The [[elementary symmetric polynomial]]s in <math>\Delta x</math>, <math>\Delta y</math>, <math>\Delta z</math>, <math>\Delta p</math> and (again) <math>\Delta p</math> are in full

:<math>E_{1} = \Delta x + \Delta y + \Delta z + 2 \Delta p = 0</math>

:<math>E_{2} = \Delta x \Delta y + \Delta y \Delta z + 2 \Delta z \Delta p + \Delta p^{2} + 2 \Delta p \Delta x + \Delta x \Delta z + 2 \Delta y \Delta p</math>

:<math>E_{3} = \Delta z \Delta p^{2} + \Delta x \Delta p^{2} + 2 \Delta x \Delta y \Delta p + \Delta x \Delta y \Delta z + 2 \Delta y \Delta z \Delta p + \Delta y \Delta p^{2} + 2 \Delta x \Delta z \Delta p</math>

:<math>E_{4} = \Delta y \Delta z \Delta p^{2} + \Delta x \Delta z \Delta p^{2} + \Delta x \Delta y \Delta p^{2} + 2 \Delta x \Delta y \Delta z \Delta p</math>

:<math>E_{5} = \Delta x \Delta y \Delta z \Delta p^{2}</math>

However, it is possible to simplify the formulae for <math>E_{2}</math>, <math>E_{3}</math> and <math>E_{4}</math> using the fact that <math>E_{1} = 0</math>. Expressing the integrand in terms of these polynomials, performing a multidimensional Taylor expansion and integrating term-by-term as before...

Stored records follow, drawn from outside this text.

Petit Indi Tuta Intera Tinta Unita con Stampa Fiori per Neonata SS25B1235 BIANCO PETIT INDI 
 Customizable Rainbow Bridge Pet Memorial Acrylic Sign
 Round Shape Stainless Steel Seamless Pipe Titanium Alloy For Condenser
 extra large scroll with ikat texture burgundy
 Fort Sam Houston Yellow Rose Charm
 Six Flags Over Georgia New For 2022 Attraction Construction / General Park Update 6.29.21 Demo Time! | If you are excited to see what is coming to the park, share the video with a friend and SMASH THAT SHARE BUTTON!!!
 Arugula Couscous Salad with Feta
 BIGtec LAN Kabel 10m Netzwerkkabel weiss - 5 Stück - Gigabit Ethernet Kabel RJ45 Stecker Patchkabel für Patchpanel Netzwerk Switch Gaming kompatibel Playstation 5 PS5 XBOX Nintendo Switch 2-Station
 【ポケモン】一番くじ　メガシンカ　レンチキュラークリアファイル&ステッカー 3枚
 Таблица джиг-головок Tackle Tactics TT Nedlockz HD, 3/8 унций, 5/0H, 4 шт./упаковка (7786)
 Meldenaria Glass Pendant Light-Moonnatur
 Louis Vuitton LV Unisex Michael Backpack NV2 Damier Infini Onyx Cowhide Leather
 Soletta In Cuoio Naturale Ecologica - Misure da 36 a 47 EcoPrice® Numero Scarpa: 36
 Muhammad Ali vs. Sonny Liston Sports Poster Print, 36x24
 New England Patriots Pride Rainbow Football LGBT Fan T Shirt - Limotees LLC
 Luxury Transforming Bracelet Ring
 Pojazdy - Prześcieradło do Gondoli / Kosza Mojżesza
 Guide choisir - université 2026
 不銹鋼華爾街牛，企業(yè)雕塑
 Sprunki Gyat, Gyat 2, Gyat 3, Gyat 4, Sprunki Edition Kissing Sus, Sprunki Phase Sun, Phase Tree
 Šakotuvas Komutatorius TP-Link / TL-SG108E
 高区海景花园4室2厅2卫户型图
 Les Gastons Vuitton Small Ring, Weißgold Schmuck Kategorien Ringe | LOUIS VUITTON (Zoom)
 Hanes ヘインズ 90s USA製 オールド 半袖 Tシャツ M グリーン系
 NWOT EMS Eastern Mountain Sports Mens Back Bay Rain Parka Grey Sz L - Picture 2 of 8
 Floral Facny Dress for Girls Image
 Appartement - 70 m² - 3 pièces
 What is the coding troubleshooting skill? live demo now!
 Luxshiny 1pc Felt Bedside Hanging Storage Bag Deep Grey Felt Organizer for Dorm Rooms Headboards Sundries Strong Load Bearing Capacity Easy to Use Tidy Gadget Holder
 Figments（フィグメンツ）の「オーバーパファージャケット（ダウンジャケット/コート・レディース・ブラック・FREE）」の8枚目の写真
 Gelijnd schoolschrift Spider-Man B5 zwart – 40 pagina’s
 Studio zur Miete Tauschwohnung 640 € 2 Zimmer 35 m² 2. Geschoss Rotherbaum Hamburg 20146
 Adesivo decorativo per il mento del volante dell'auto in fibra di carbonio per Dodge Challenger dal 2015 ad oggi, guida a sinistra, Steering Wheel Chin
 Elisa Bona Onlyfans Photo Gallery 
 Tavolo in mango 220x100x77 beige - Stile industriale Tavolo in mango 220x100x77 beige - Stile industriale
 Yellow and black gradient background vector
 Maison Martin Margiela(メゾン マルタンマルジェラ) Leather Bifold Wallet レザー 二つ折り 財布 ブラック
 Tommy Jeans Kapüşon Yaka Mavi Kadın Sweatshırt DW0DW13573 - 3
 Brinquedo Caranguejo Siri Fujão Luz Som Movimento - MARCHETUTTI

:<math>\begin{align}R_{J}(x,y,z,p) & = \frac{3}{2 A^{\frac{3}{2}}} \int _{0}^{\infty}\frac{1}{\sqrt{(t + 1)^{5} - (t + 1)^{4} E_{1} + (t + 1)^{3} E_{2} - (t + 1)^{2} E_{3} + (t + 1) E_{4} - E_{5}}} dt \\
 & = \frac{3}{2 A^{\frac{3}{2}}} \int _{0}^{\infty}\left( \frac{1}{(t + 1)^{\frac{5}{2}}} - \frac{E_{2}}{2 (t + 1)^{\frac{9}{2}}} + \frac{E_{3}}{2 (t + 1)^{\frac{11}{2}}} + \frac{3 E_{2}^{2} - 4 E_{4}}{8 (t + 1)^{\frac{13}{2}}} + \frac{2 E_{5} - 3 E_{2} E_{3}}{4 (t + 1)^{\frac{15}{2}}} + O(E_{1}) + O(\Delta^{6})\right) dt \\
 & = \frac{1}{A^{\frac{3}{2}}} \left( 1 - \frac{3}{14} E_{2} + \frac{1}{6} E_{3} + \frac{9}{88} E_{2}^{2} - \frac{3}{22} E_{4} - \frac{9}{52} E_{2} E_{3} + \frac{3}{26} E_{5} + O(E_{1}) + O(\Delta^{6})\right) \end{align}</math>

As with <math>R_{J}</math>, by expanding about the mean value of the arguments, more than half the terms (those involving <math>E_{1}</math>) are eliminated.